Some Important Testimonies
One of the most interesting parts of the trial was Eli Zimmerman’s testimony. Eli is a Vanderbilt neurologist. In his testimony, he said that it was ‘in the realm of possibility’ that the patient died due to her brain injury.
Furthermore, Davidson County Chief Medical Examiner Feng Li also testified. His testimony stated that Murphy died from Vecuronium. However, it could not be determined how much of the drug was used. Li also said that a small dose may not have been lethal for the patient.
Vaught’s Concern For Murphy’s Family
After the decision was announced, Vaught told the reporters ‘I am just relieved that this portion of the process is over.’ She also added that ‘I hope that they (Murphey’s family) are also just as relieved to be moving away from this process that has been held up in the legal system for four and a half years.
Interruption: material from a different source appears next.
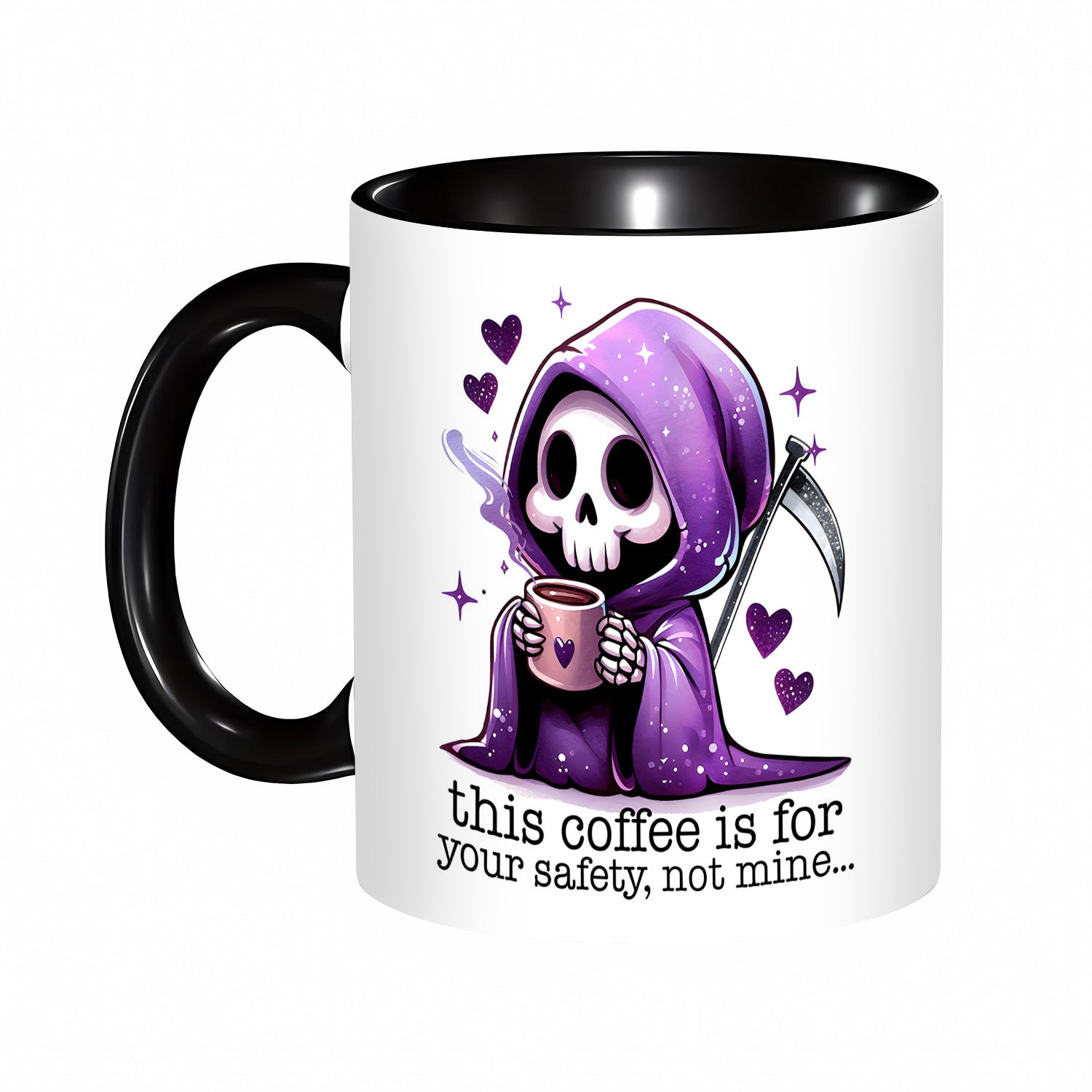 Tailorly Black Accent 11 oz Mug - skull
I hope that they are able to find peace with the resolution of this process.’
Peter Strianse, the defense attorney for Vaught said that ‘What struck me most about RaDonda Vaught’s interviews was not her honest recitation of the facts … but her genuine worry and concern about Charlene Murphey and concern for her family,’ He also added that she was merely a scapegoat and that she was not thinking about herself.
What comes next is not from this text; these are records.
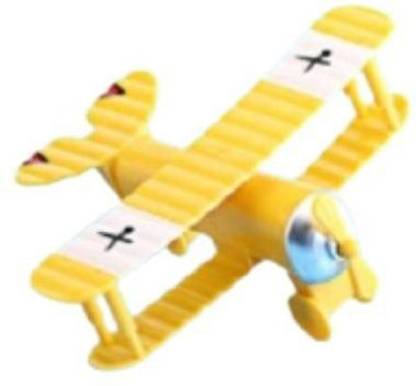 GEEKMONKEY Airplane Decor Hanging Ornament Vintage Mini Plastic Airplane Toys Model Aircraft Biplane Pendant for Room, Photo Props, Christmas Tree, Desktop Decoration (Yellow Retro Airplane Model,1)
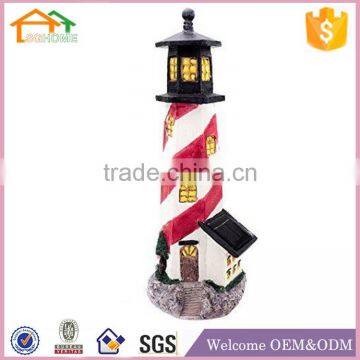 Factory Custom made best home decoration gift polyresin resin solar lighthouse beacon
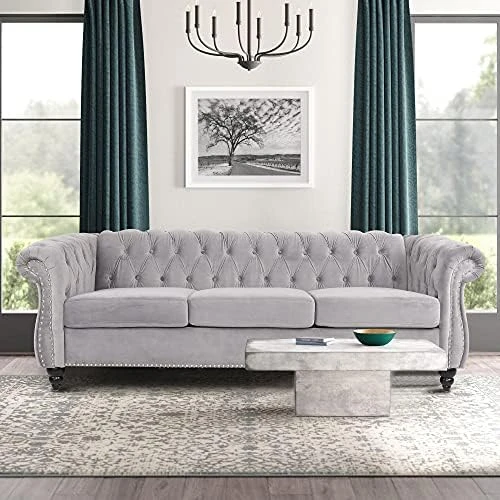 Chesterfield Sofa For Living Room, 3 Seater Velvet Couch Home Theater Seating Upholstered Accent Arm Sofa For Bedroom, Office, Apartment (Drak Green) 4 Chesterfield Sofa For Living Room, 3 Seater Velvet Couch Home Theater Seating Upholstered Accent Arm Sofa For Bedroom, Office, Apartment (Drak Green) - Image 4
Back in July of last year, Vaught was stripped of her license by the Tennessee Board of Nursing.
Nurses React And Show Support To Vaught
While Murphy’s family sat on one side of the court’s gallery, nurses along with other medical professionals came to show support for Vaught.
The American Nurses Association released a statement on Wednesday stating that the trial would discourage nurses from reporting errors. And therefore it would set a worrying precedent. They also shared the concern that in the end, this would hamper the patient’s safety.
It also stated that there were more ‘effective and just mechanisms’ to address the Vaught situation rather than the criminal prosecution. Furthermore, the statement also stated that ‘This ruling will have a long-lasting negative impact on the profession’.
Janie Harvey Garner, who is the founder of the Facebook page Show Me Your Stethoscope with over 600,000 members said that ‘health care just changed forever’ after the verdict was announced. She also added that ‘You can no longer trust people to tell the truth because they will be incriminating themselves.’
The District Attorney went on to clarify that this was a case about a person’s actions and not about the nursing community. But there were many nurses present, some in scrubs, who disagreed. The deceased family was also present. When the judgment was read in their favor, they did not show any reaction except they hugged the lawyers before leaving the court.
What Will Happen Now
Vaught will be sentenced on May 13. She may face anywhere between 3 to 6 years in prison for neglect of the patient. This sentence would be based on the fact that she has no prior convictions. Her sentences will likely run concurrently.
While Murphy’s family feels that justice was finally served, the nurse’s community and even other healthcare practitioners feel it discourages them. They are worried that the healthcare professionals will hesitate to report errors as they may be stripped of their license and punished for it.